Helpful Highlighting

I have been thinking about what I want my first day of classes to look like (I can’t believe it is less than a month away!) and I found a card sort online that I have modified into a worksheet. I already have other activities planned as well for the first day of Algebra II (School Fever!) but then I am going to have students work in partners on some graphs. I am going to have them highlight what they think is the correct graph in the situation and I am not really going to be helpful. I want them working together, figuring out how to work with a partner, and take chances. I want every student to have a highlighter so when if they mess up, they CANNOT erase! I think it is important on the first day of school to let them know that making mistakes is okay and I expect them. I want to focus on praising them for their thinking. I also like that I can have students start using the model types we talk about on day one and get used to using math vocabulary.

You may have seen this somewhere else as a card sort (honestly can’t remember where I got this from so I can’t give credit) but here is my version that I am going to use on my first day with my Algebra II students:

Homework Helper

As I am slowly starting to look through files from last year, I found this worksheet a colleague made that I thought was really great. Students had to check their homework answers by matching them up with the corresponding problem number. This happened to be on properties of exponents but I am sure you could use this for many other assignments. When students did not find a match, it opened up an opportunity for discussion and working with each other ensued. It is getting me to think about how I need to vary checking in the homework every day and do a better job at that this year instead of my standard walk around the room and look at it approach. I actually like my standard approach but I wonder what I miss out on learning from my students if I were to mix it up and try collecting a problem or two every once and awhile, give a homework quiz, etc.

Here is the document so you can see what I am talking about. Do you have a different way to assess homework? I would love to hear it.

Super Survey

At the end of the school year, I always give my students a survey to hear their thoughts about what they liked about our class and what the disliked. I tell them to be honest (they don’t even have to put their name on it) and I always get some really useful feedback.

I was reading some of their thoughts and I was really amazed that I stuck with doing an opener almost every day when the students walked in for some consistency and many of them said that it really helped! A few said that we should break away from that once in a while (even though I know I did but maybe not apparent enough or needs to happen more often).

I have put the survey I used this year below. I would be curious to know if anyone else uses something like this or maybe has better questions I should be asking? I kind of like that is open-ended for them. I am thinking of trying maybe some smaller ones at the end of the quarter to maybe get some more feedback and try to make some changes during the school year too.

Eggcelent Engagement

In order to force myself to blog once a week, I may just pick random things to blog about and I have decided that this is okay since it is my blog and I can do whatever I want right?

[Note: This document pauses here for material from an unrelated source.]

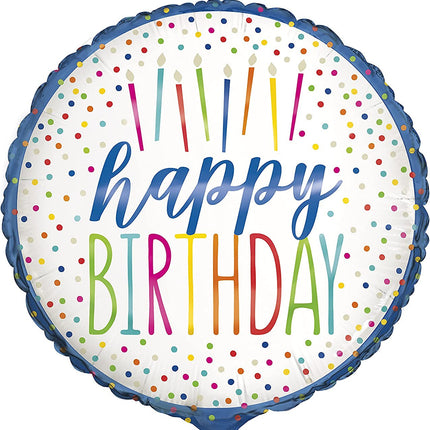 Happy Birthday Candle 18" Round Foil Balloon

One of my favorite units is Probability. I like that it appears really easy and then can crush your soul as you try to figure them out…okay I don’t actually like that part but I do love playing games to figure things out! One activity that we did in class, that turned out to be a huge success, was to watch a Jimmy Fallon video. We watched this one where he plays egg roulette with Bradley Cooper: Jimmy Fallon Egg Roulette

Before I had covered the words and/or I had them watch parts of this and I kept pausing the video asking them what questions they had and then also had them answer questions I had. These include but not limited to:

  • How many eggs are there right now?
  • What is the probability of success (we defined success to be not getting yolk in your face)
  • What is the probability of failure (great way to introduce these terms to because it made sense to the students which one was which and they came up with it on their own!)
  • What is the probability Jimmy smashes an egg on his head? Does it matter what previously happened?

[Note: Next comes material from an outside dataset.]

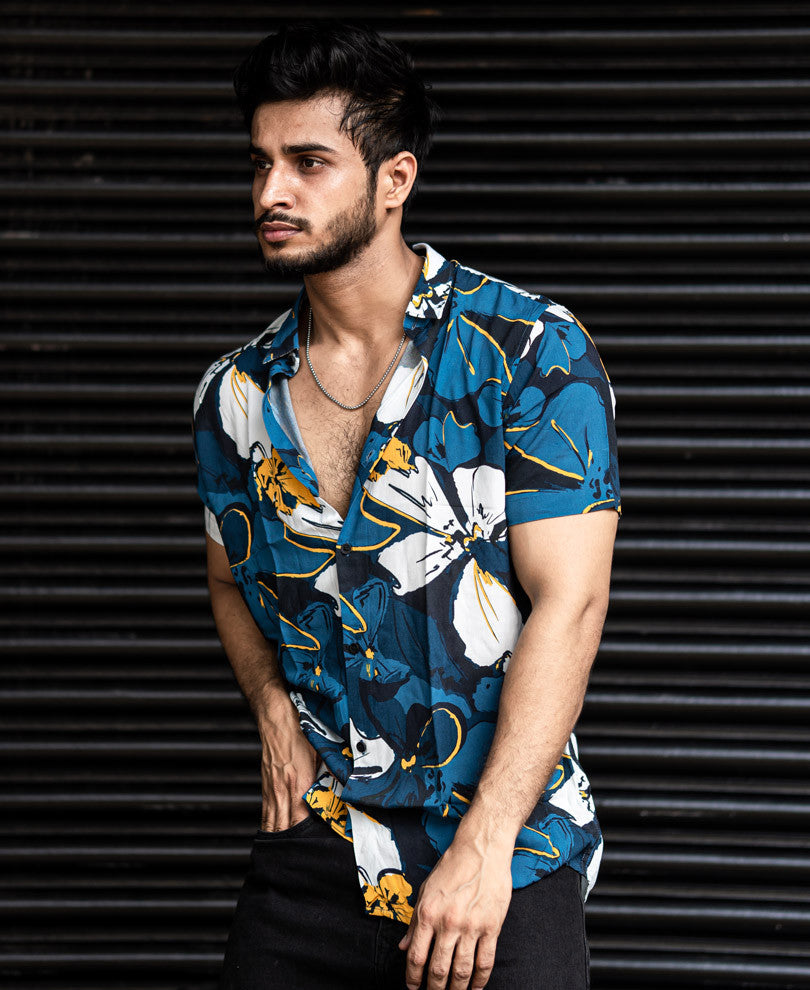Blue And White Flower Print Half Sleeves Shirt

It was interesting that some of my students still struggled initially with the fact that the probability of success changed throughout and didn’t stay constant. Answers like karma or he is on a lucky streak popped up and we talked about the validity of those types of things. All of this even spring-boarded us into the concept of replacement vs. non-replacement with things like a bag of marbles and the probability of drawing one. Students for the next week kept saying things like “This is just like the Jimmy Fallon video so we subtract one each time.”

It was great that one video got them so engaged, interested in the subject, cleared up some misconceptions, and helped motivate some of our other topics. I swear it felt like it took half the class period to watch this video with my stopping to ask questions and facilitate discussion but I know it was totally worth it! I knew watching Jimmy Fallon was going to be good for something! Thanks Jimmy…you rock!